Kepala Dinas Perhubungan (Dishub) Samarinda, Hotmarulitua Manalu mengatakan, kebijakan itu menjadi bagian dari upaya menekan produksi sampah plastik sejak dari sumbernya.
“Ini bukan hanya kawasan bebas asap kendaraan, tapi juga tempat rekreasi, olahraga, dan interaksi sosial. Ke depan masyarakat yang membeli jajanan UMKM tidak lagi diberikan kantong plastik,” kata Manalu.
Pengunjung diharapkan membawa handbag atau tas sendiri saat datang ke kawasan CFD maupun CFN. Jika tidak membawa, pedagang UMKM nantinya dapat menyediakan tas berbayar sebagai alternatif.
Langkah ini, kata dia, merupakan bagian dari program pengurangan sampah plastik yang saat ini mulai diterapkan secara bertahap di Samarinda.
“Kita ingin mengurangi sampah plastik dari hulunya, bukan nanti saat sudah sampai di TPS atau TPA baru ditangani,” jelasnya.
Dishub Samarinda juga telah berkoordinasi dengan para pelaku UMKM terkait rencana tersebut. Bahkan, penggunaan botol plastik sekali pakai juga mulai dibatasi dalam kegiatan CFD dan CFN.
Namun, penggunaan kemasan ramah lingkungan masih menghadapi kendala distribusi. Beberapa jenis kemasan alternatif saat ini masih harus didatangkan dari luar daerah.
“Informasinya kemasan model kardus seperti produk makanan itu belum diproduksi di Samarinda, jadi masih ambil dari Jawa,” bebernya.

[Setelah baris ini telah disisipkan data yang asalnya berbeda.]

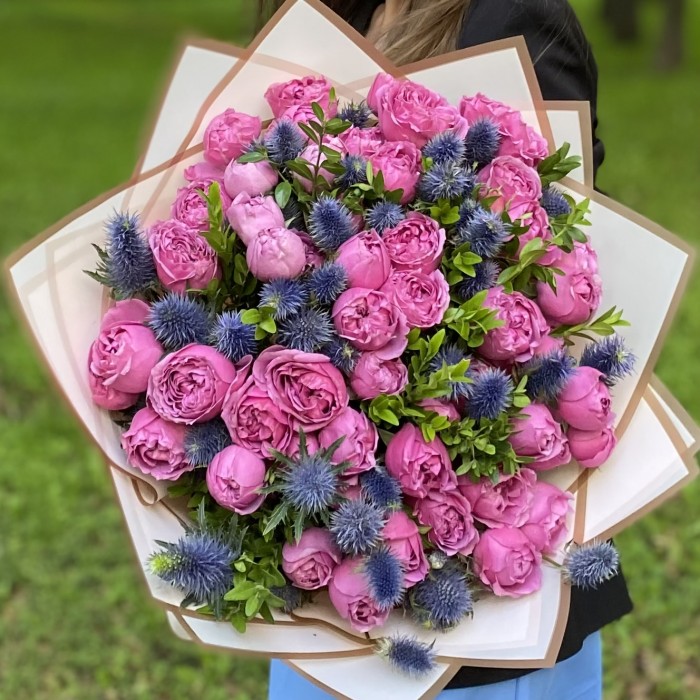 17 пионовидных кустовых роз Мисти Баблс с эрингиумом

Meski begitu, ia berharap kebijakan ini menjadi langkah awal yang besar terhadap pengurangan produksi sampah plastik di Samarinda.
Manalu menegaskan, kebijakan pengurangan kantong plastik ini nantinya tidak hanya berlaku di CFN Jalan Kusuma Bangsa, tetapi juga seluruh kawasan CFD di Kota Samarinda.